As a member of Carolina's often overlooked secondary, Grant doesn't get the kind of attention heaped on the Panthers' more marquee players. But his two-sport talents have teammates arguing that Grant might be the best overall athlete on the team - which is saying something considering 2002 No. 1 draft pick Julius Peppers played in a Final Four as a freshman at North Carolina.

"It's a toss-up," Grant said. "There are some things I can do that Julius can't do and some things that Pep can do that I can't do."

Secondary mate Mike Minter agrees: "It would be a toss-up between Deon and Pep. I would have to go with Peppers because he's 290 and doing the things he's doing."

It's Peppers and his line mates that garner most of the praise for Carolina's defensive strength that helped lead the Panthers to Sunday's NFC Championship Game at Philadelphia. But with talented athletes such as Grant, Minter and rookie cornerback Ricky Manning, the Panthers have consistently contained opposing pass offenses.

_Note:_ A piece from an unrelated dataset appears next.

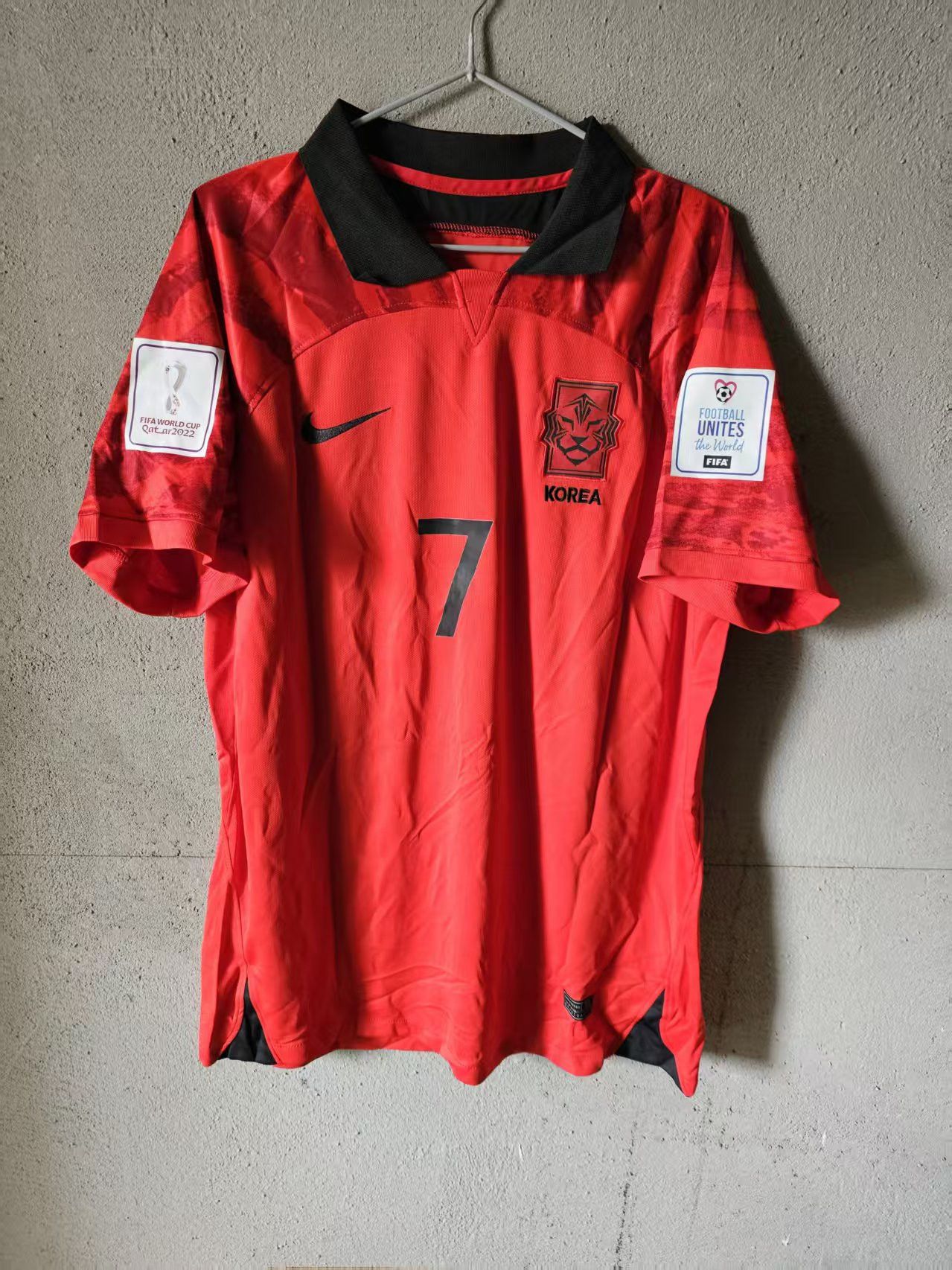 Other 2022 World Cup Korea #7 Son Heung-Min Jersey Size US L / EU 52-54 / 3 - 1 Thumbnail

They even beat the Indianapolis Colts and Rams this season, the No. 1 and 3 passing teams in the NFL respectively.

"People are overlooking us but that's a motivation factor for me," Grant said of the secondary's lack of respect. "You got to look at all the games and all these top-notch passing offenses that we've played. We always held them under their average. But they're still saying it's not the secondary, it's the front seven. Regardless of what front four or front seven you put out there, you put a weak secondary behind them (opponents are) still going to meet their average."

Like a true basketball player at heart, Grant relishes all the trash talk about the Panthers.

"Say it a little louder," he said. "Because that makes us motivated to go out there and take Philly's head off."